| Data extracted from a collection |
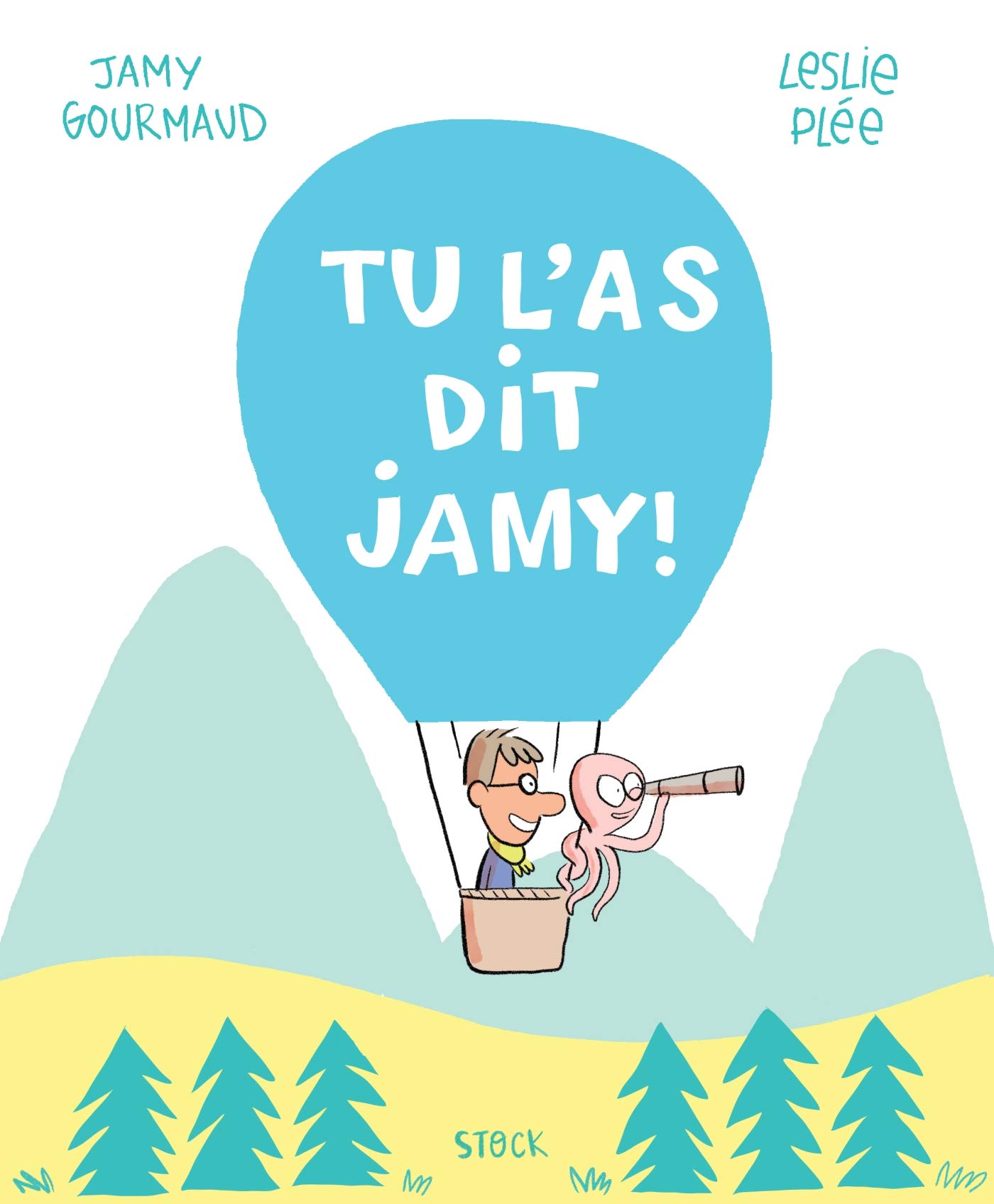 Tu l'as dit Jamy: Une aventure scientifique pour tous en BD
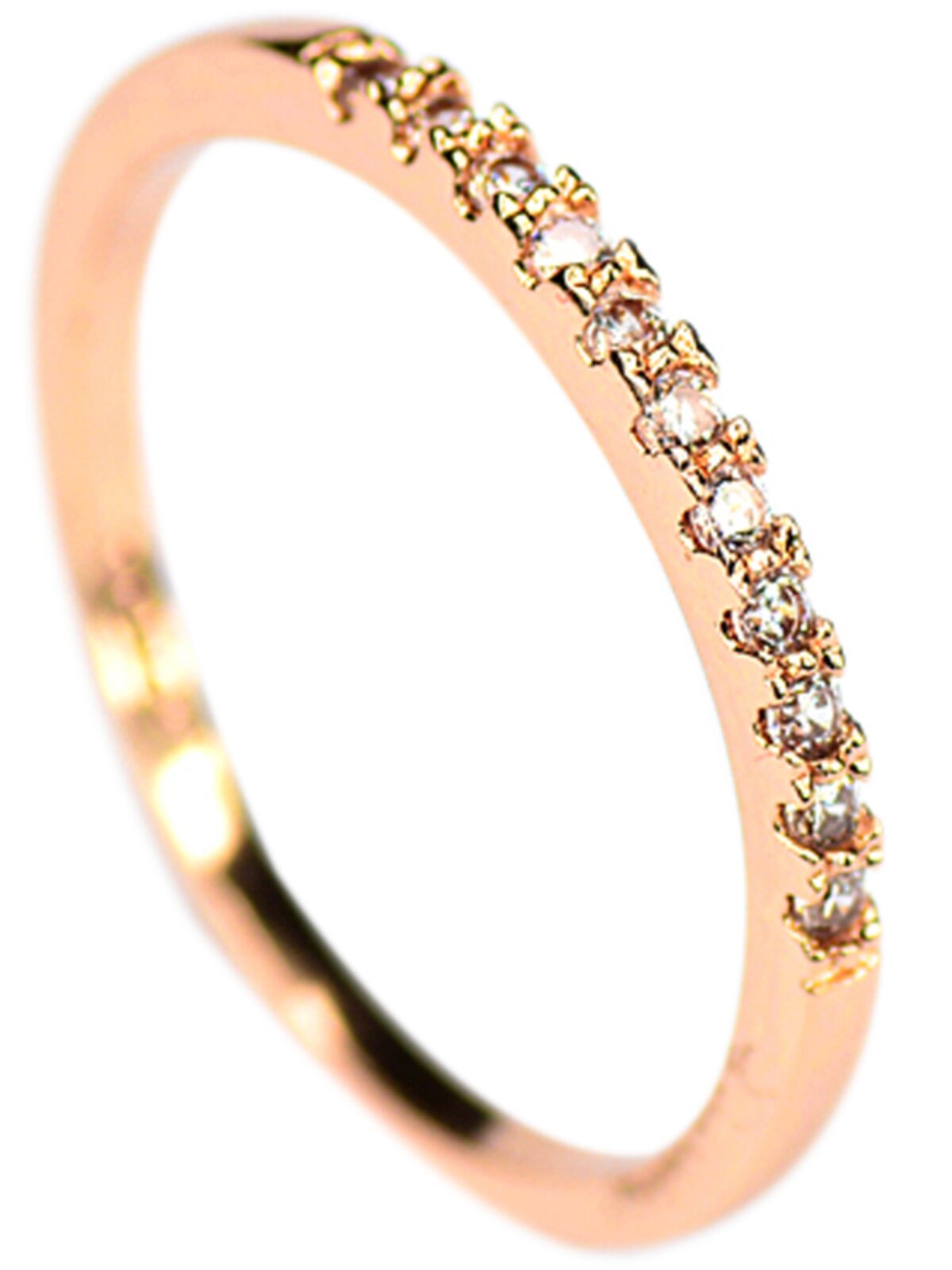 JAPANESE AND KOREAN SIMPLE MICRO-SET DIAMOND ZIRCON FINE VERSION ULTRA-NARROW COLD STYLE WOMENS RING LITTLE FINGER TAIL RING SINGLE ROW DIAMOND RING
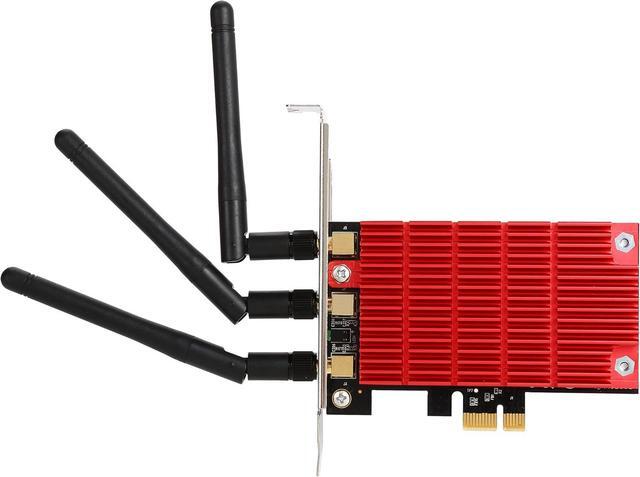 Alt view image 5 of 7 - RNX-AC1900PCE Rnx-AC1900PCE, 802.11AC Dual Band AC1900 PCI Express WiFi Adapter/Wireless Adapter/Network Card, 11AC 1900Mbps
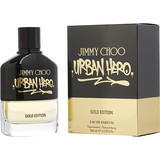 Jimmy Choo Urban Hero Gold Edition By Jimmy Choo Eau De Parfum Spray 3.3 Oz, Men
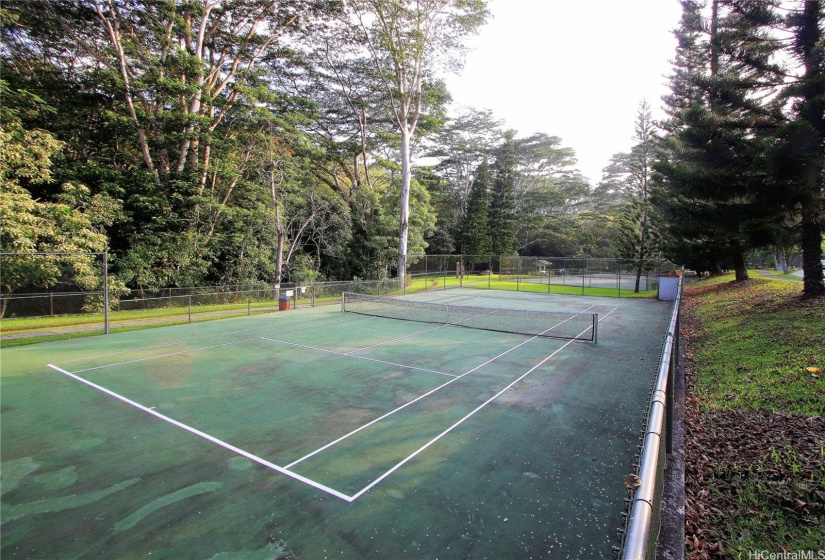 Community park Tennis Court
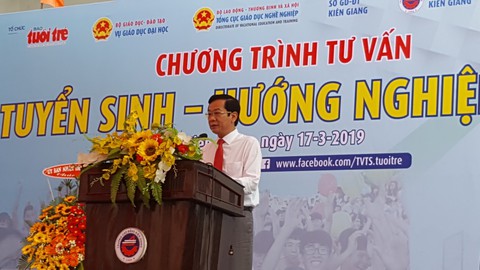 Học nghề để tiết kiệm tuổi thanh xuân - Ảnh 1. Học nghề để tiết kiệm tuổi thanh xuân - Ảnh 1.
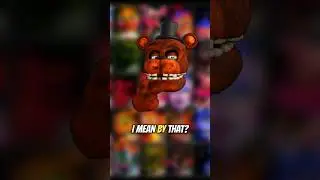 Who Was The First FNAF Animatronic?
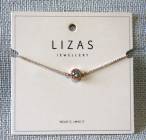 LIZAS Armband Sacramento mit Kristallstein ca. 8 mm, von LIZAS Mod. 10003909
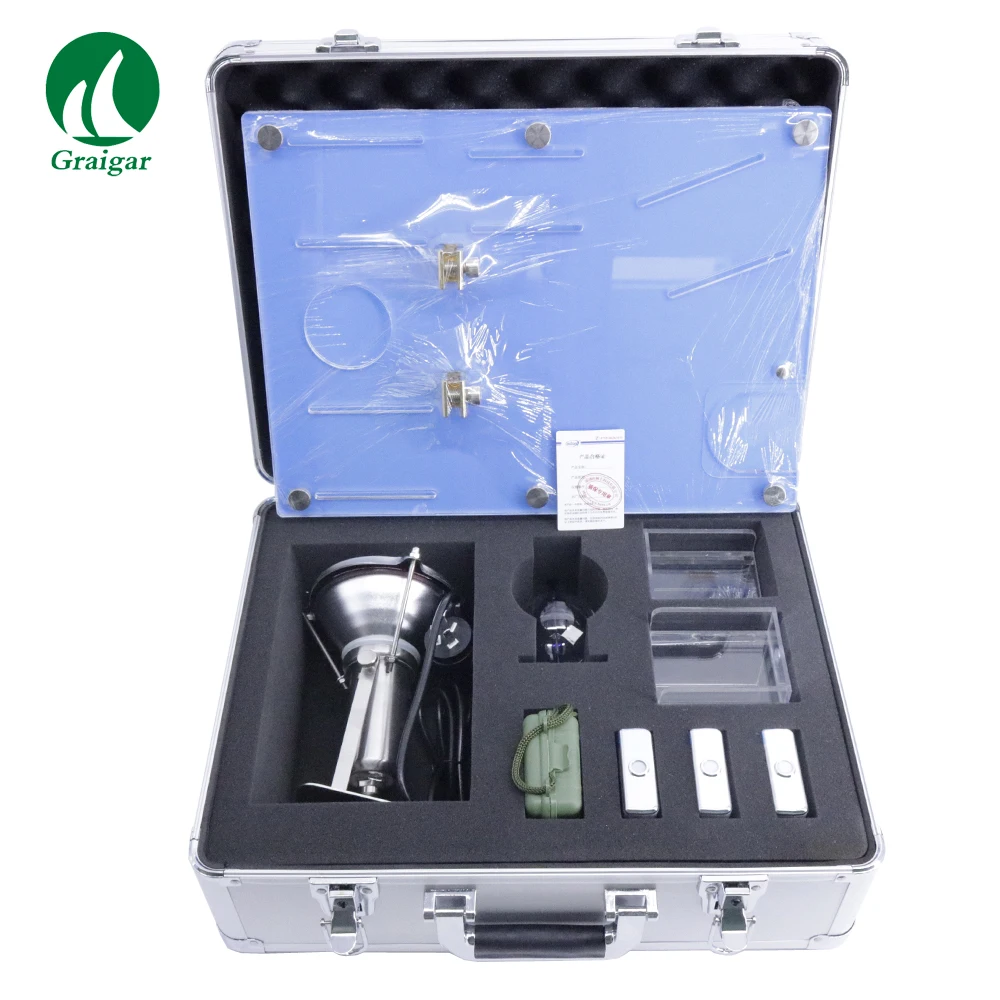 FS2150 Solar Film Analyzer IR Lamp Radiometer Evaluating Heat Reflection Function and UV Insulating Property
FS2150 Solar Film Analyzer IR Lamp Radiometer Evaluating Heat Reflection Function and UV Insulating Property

| What to produce |
Once the line with "JAPANESE AND KOREAN" is found above, print it and every line after it through the line with "Alt view image", exactly. Pictures stay out.

| Answer box |
 JAPANESE AND KOREAN SIMPLE MICRO-SET DIAMOND ZIRCON FINE VERSION ULTRA-NARROW COLD STYLE WOMENS RING LITTLE FINGER TAIL RING SINGLE ROW DIAMOND RING
 Alt view image 5 of 7 - RNX-AC1900PCE Rnx-AC1900PCE, 802.11AC Dual Band AC1900 PCI Express WiFi Adapter/Wireless Adapter/Network Card, 11AC 1900Mbps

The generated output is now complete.